**Supplied data:**
·····
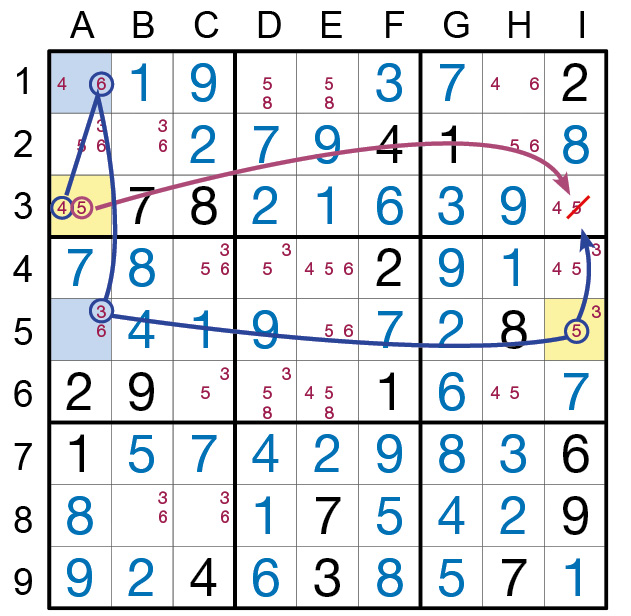 Sudoku Lösungsstrategie XY-Kette © Rätselbüro Martin Simon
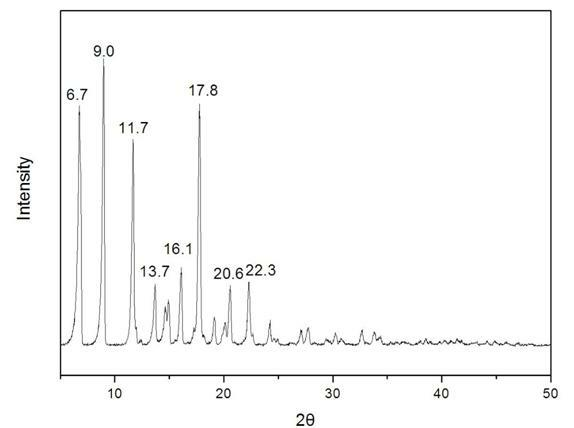 New crystal form of methylprednisolone aceponate and preparation method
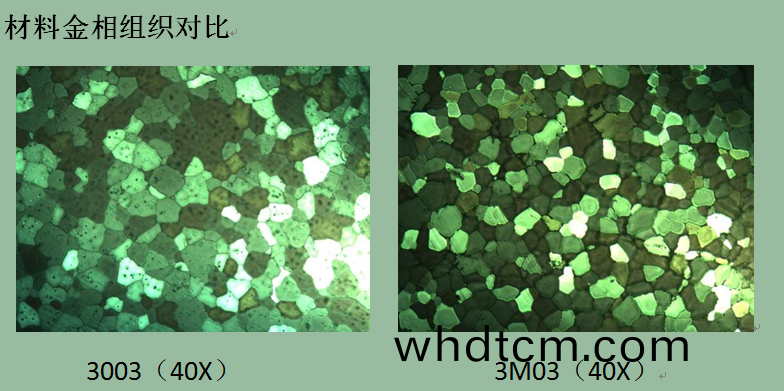 【優(you)惠(hui)】鋁(lv)單闆(ban)幙(mu)牆闆(ban)用(yong)3003鋁(lv)闆(ban)_3M03鋁闆化學成分(fen)/工藝(yi)/性能(neng)蓡(shen)數(shu)對(dui)比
·····
**What is required:** Transcribe all the lines above exactly, apart from the pictures.

**Written answer:**
 Sudoku Lösungsstrategie XY-Kette © Rätselbüro Martin Simon
 New crystal form of methylprednisolone aceponate and preparation method
 【優(you)惠(hui)】鋁(lv)單闆(ban)幙(mu)牆闆(ban)用(yong)3003鋁(lv)闆(ban)_3M03鋁闆化學成分(fen)/工藝(yi)/性能(neng)蓡(shen)數(shu)對(dui)比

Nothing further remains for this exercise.